Não há dias bons em meio a uma pandemia. Não há como passar imune aos tempos difíceis que vivemos. Há momentos de certo conforto e relaxamento, isso sim. Vejo amigos se aventurando em novas profissões, gente pintando cabelo, discutindo o BBB, falando incessantemente sobre política e notícias ruins por todos os lados. Depois de muito ouvir falar, decidi começar a leitura de Torto Arado, livro de Itamar Vieira Junior, vencedor dos prêmios Jabuti de melhor romance de 2020 e Oceanos, um dos mais importantes do mundo literário de língua portuguesa.
Com uma escrita concisa e densa, Itamar escreve uma história rica em detalhes sobre trabalhadores rurais em situação análoga à de trabalho escravo. Quem dá voz a essa narrativa são as duas irmãs Belonísia e Bibiana, em uma fazenda no sertão da Chapada Diamantina.

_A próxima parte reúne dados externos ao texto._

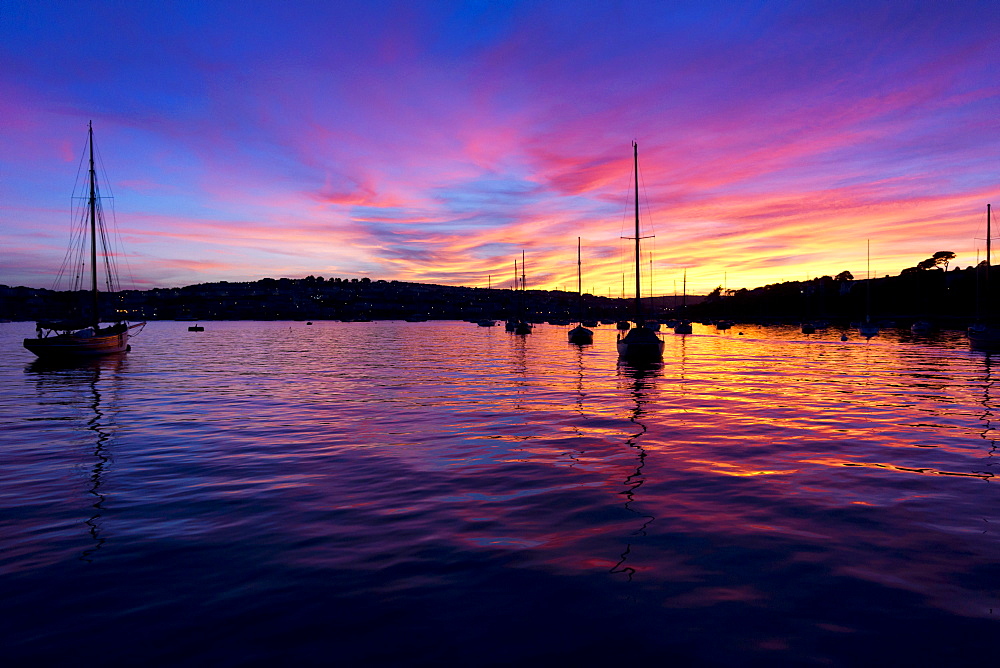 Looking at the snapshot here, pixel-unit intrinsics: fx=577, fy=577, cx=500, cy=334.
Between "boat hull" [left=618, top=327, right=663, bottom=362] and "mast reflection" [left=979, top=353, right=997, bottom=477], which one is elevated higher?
"boat hull" [left=618, top=327, right=663, bottom=362]

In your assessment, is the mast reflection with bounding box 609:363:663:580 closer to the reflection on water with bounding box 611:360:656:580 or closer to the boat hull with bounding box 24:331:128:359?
the reflection on water with bounding box 611:360:656:580

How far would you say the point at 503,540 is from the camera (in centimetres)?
889

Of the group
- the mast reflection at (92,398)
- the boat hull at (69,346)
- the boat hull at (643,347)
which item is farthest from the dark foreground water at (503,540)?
the boat hull at (69,346)

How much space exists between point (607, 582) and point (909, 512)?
6358mm

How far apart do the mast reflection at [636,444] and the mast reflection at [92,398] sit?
769 cm

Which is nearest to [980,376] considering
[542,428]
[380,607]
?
[542,428]

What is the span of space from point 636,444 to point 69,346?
168 feet

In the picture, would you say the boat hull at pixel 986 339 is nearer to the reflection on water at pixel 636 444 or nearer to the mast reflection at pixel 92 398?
the reflection on water at pixel 636 444

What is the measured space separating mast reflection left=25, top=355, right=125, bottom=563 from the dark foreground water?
0.63 feet

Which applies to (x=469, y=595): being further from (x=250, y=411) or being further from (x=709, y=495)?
(x=250, y=411)

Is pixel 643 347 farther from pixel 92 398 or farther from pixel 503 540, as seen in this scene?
pixel 503 540

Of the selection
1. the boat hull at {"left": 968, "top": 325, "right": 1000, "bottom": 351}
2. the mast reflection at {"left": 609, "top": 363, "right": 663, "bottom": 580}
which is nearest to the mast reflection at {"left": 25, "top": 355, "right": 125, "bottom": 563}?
the mast reflection at {"left": 609, "top": 363, "right": 663, "bottom": 580}

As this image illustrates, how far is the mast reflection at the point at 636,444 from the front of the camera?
8.21 m

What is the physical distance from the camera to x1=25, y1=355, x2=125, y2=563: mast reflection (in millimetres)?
10141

Ao ler sua obra, logo percebi que a nossa tragédia atual pode ser explicada pelo nosso passado. A construção do Brasil que temos hoje se constituiu na exploração da terra, de trabalhadores e na privação de direitos básicos e elementares. A terra que nunca foi partilhada, assim como o alimento que se colhe dela. Em uma das passagens mais marcantes de minha leitura, Sutério recolhe os alimentos da família durante um período de seca para dar aos seus donos. Uma cena que explica bem como funciona a nossa desigual sociedade.
Mesmo em épocas tão duras quanto a nossa, breves momentos nos distraem da catástrofe de todos os dias. E também nos ensinam que, para muitas pessoas, isso que estamos vivendo há um ano é o que se vive diariamente. A incerteza, o medo, a vergonha e a invisibilidade. A arte, em muitos casos, é tudo que nós temos. Em Torto Arado e nas recentes obras brasileiras fica claro que a nossa tragédia começou há muito tempo. É na reprodução sistemática de todos os tipos de preconceito e na construção de uma sociedade arcaica, desigual, injusta e sádica. Uma sociedade que naturalizou a fome, a miséria e o trabalho escravo como colunas de uma nação. O nosso passado oferece respostas sobre o que vivemos hoje.